_What is required_.
Every line of the listing below should be written out exactly.

_Data to process_.
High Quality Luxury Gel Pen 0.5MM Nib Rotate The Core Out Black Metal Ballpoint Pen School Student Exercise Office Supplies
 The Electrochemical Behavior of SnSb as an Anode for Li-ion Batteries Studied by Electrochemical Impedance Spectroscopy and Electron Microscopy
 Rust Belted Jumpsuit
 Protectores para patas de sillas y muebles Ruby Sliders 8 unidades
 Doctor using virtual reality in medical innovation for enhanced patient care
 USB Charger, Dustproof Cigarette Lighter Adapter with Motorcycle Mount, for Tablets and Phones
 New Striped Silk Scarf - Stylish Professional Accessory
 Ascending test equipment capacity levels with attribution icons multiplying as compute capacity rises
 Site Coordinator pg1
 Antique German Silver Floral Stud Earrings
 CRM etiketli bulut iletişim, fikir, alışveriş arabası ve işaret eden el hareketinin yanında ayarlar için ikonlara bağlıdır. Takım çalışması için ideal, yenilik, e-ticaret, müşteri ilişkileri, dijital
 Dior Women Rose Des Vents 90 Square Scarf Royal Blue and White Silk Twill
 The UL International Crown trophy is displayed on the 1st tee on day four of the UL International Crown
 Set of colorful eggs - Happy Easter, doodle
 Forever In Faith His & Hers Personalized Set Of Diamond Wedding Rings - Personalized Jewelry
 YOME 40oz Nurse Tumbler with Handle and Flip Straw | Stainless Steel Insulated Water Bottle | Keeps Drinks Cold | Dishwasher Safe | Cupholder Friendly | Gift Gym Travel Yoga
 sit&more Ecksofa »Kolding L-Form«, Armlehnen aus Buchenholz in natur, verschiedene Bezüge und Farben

_Solution below_.
High Quality Luxury Gel Pen 0.5MM Nib Rotate The Core Out Black Metal Ballpoint Pen School Student Exercise Office Supplies
 The Electrochemical Behavior of SnSb as an Anode for Li-ion Batteries Studied by Electrochemical Impedance Spectroscopy and Electron Microscopy
 Rust Belted Jumpsuit
 Protectores para patas de sillas y muebles Ruby Sliders 8 unidades
 Doctor using virtual reality in medical innovation for enhanced patient care
 USB Charger, Dustproof Cigarette Lighter Adapter with Motorcycle Mount, for Tablets and Phones
 New Striped Silk Scarf - Stylish Professional Accessory
 Ascending test equipment capacity levels with attribution icons multiplying as compute capacity rises
 Site Coordinator pg1
 Antique German Silver Floral Stud Earrings
 CRM etiketli bulut iletişim, fikir, alışveriş arabası ve işaret eden el hareketinin yanında ayarlar için ikonlara bağlıdır. Takım çalışması için ideal, yenilik, e-ticaret, müşteri ilişkileri, dijital
 Dior Women Rose Des Vents 90 Square Scarf Royal Blue and White Silk Twill
 The UL International Crown trophy is displayed on the 1st tee on day four of the UL International Crown
 Set of colorful eggs - Happy Easter, doodle
 Forever In Faith His & Hers Personalized Set Of Diamond Wedding Rings - Personalized Jewelry
 YOME 40oz Nurse Tumbler with Handle and Flip Straw | Stainless Steel Insulated Water Bottle | Keeps Drinks Cold | Dishwasher Safe | Cupholder Friendly | Gift Gym Travel Yoga
 sit&more Ecksofa »Kolding L-Form«, Armlehnen aus Buchenholz in natur, verschiedene Bezüge und Farben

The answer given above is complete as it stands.